Chapter 73,929 wordsPublic domain

Mr. Chamberlain represented the Edgar case in the following way:--[45] "But perhaps the most striking recent instance of arbitrary action by officials, and of the support of such action by the Courts, is the well-known Edgar case. The effect of the verdict of the jury, warmly endorsed by the Judge, is that four policemen breaking into a man's house at night without a warrant, on the mere statement of one person, which subsequently turned out to be untrue, that the man had committed a crime, are justified in killing him there and then because, according to their own account, he hits one of them with a stick. If this is justification, then almost any form of resistance to the police is justification for the immediate killing of the person resisting, who may be perfectly innocent of any offence. This would be an alarming doctrine anywhere. It is peculiarly alarming when applied to a city like Johannesburg, where a strong force of police armed with revolvers have to deal with a large alien unarmed population, whose language in many cases they do not understand. The emphatic affirmation of such a doctrine by Judge and jury in the Edgar case cannot but increase the general feeling of insecurity amongst the Uitlander population, and the sense of injustice under which they labour. It may be pointed out that the allegation that Edgar assaulted the police was emphatically denied by his wife and others, and that the trial was conducted in a way that would be considered quite irregular in this country, the witnesses for the defence being called by the prosecution, and thereby escaping cross-examination."

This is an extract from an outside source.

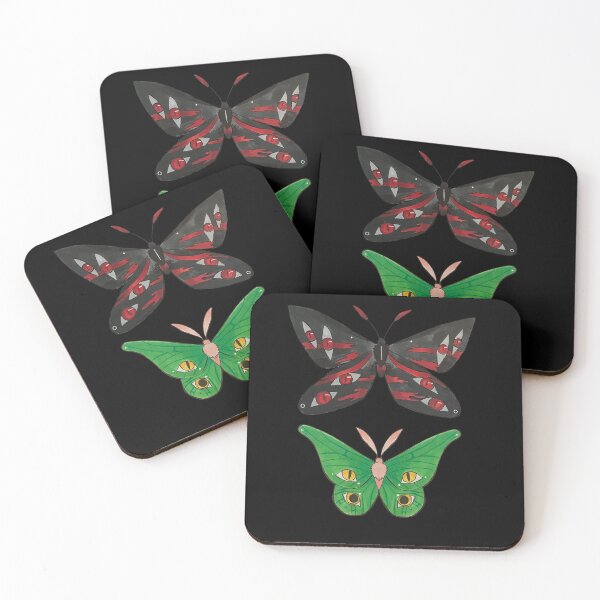 Item preview, Scary Moth and Luna Moth designed and sold by fern.prints.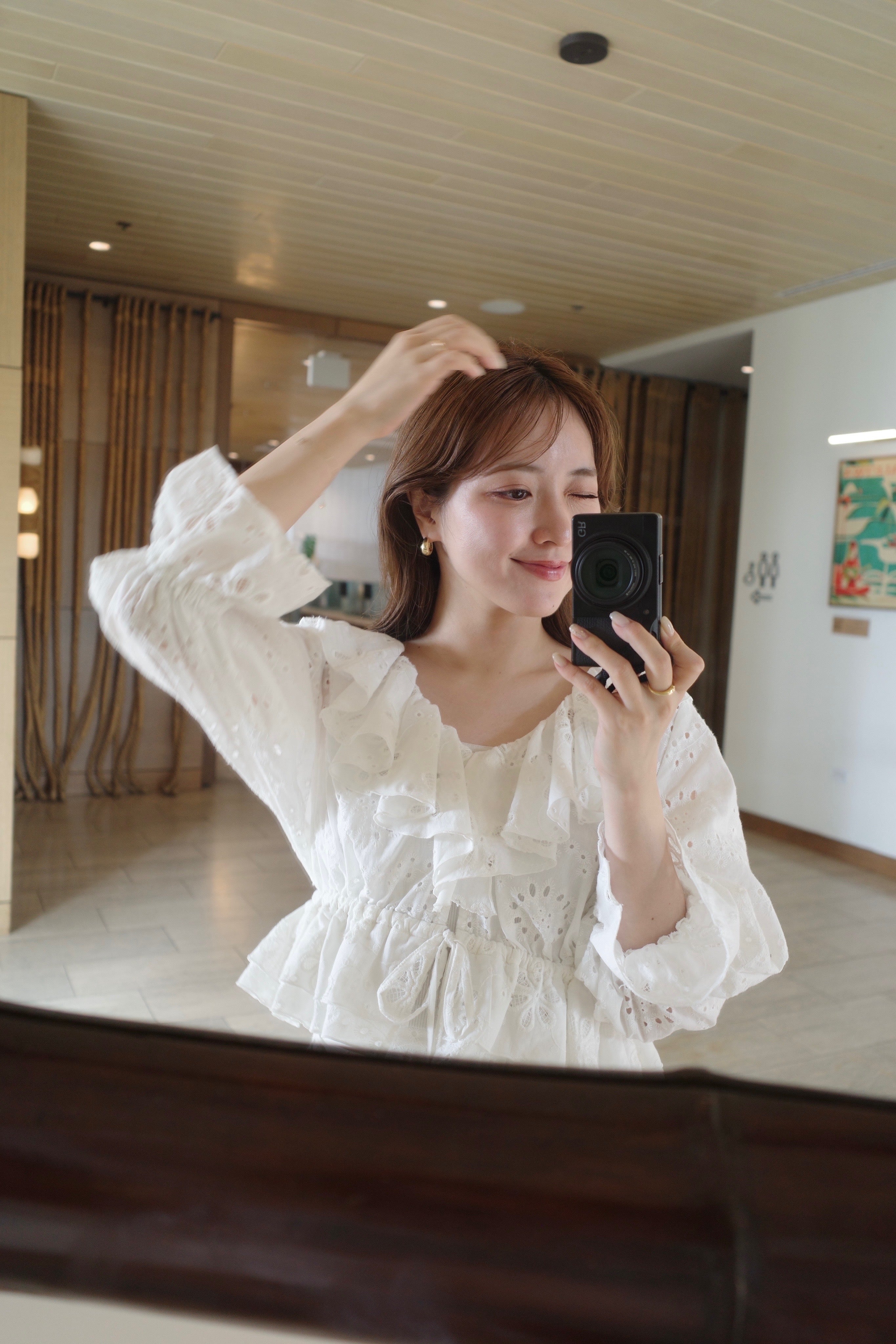 Cotton Lace Blouse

The answer of the Government of the South African Republic was:--[46] "The Edgar case is referred to by your Government as the most striking recent instance of arbitrary action by officials, and of the support of such action by the Courts," and this case is quoted as a conclusive test of the alleged judicial maladministration of this Republic; it will, therefore, be of interest to pause for a moment and consider it. What are the true facts?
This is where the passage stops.